● What needs to be done
For this exercise, retype all the data exactly and exclude every image.

● Collected data
+ + + + + + +

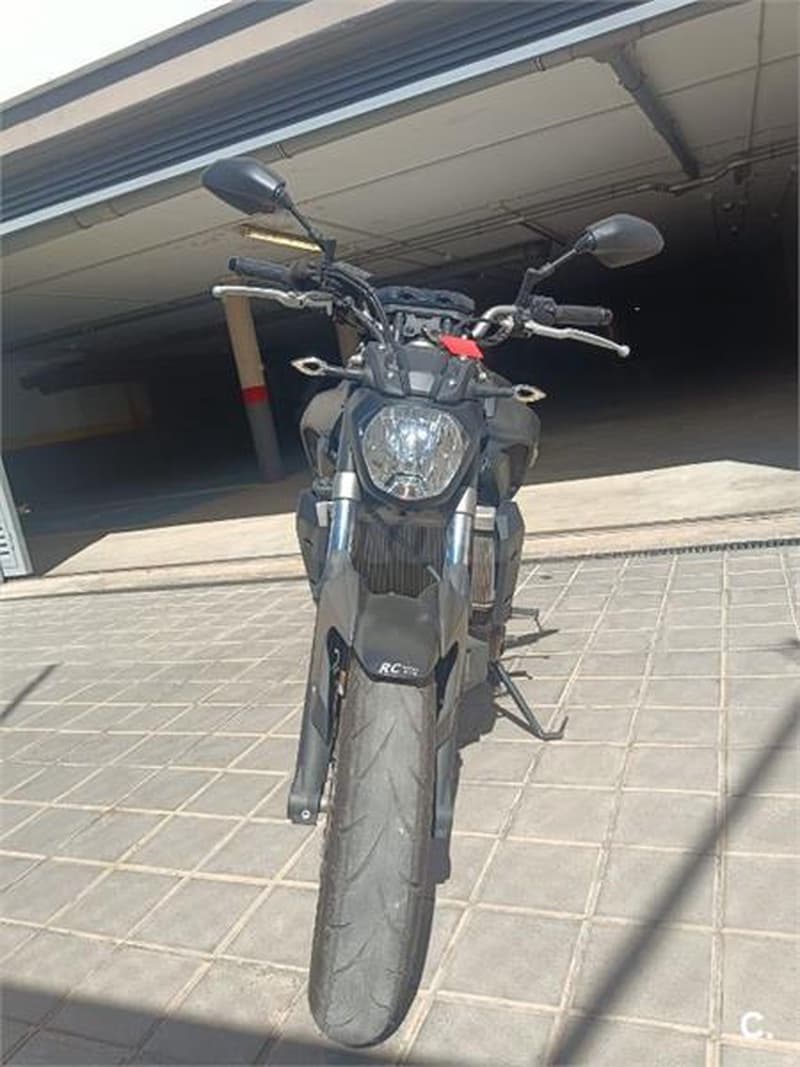 Yamaha MT-07 4700 € 2017 Tarragona - 5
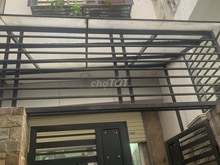 Hình ảnh CC bán gấp nhà phố Nguyễn An Ninh 60m2 4 tầng mt 4.8m  6.5 TỶ CT 30tr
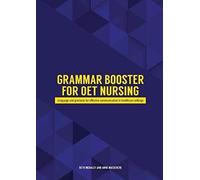 Grammar Booster For Oet Nursing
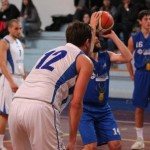 22. krog; Briščiki, sobota, 16.3.2019 (18.00)Kontovel - Cervi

+ + + + + + +

● Exercise output
 Yamaha MT-07 4700 € 2017 Tarragona - 5
 Hình ảnh CC bán gấp nhà phố Nguyễn An Ninh 60m2 4 tầng mt 4.8m  6.5 TỶ CT 30tr
 Grammar Booster For Oet Nursing
 22. krog; Briščiki, sobota, 16.3.2019 (18.00)Kontovel - Cervi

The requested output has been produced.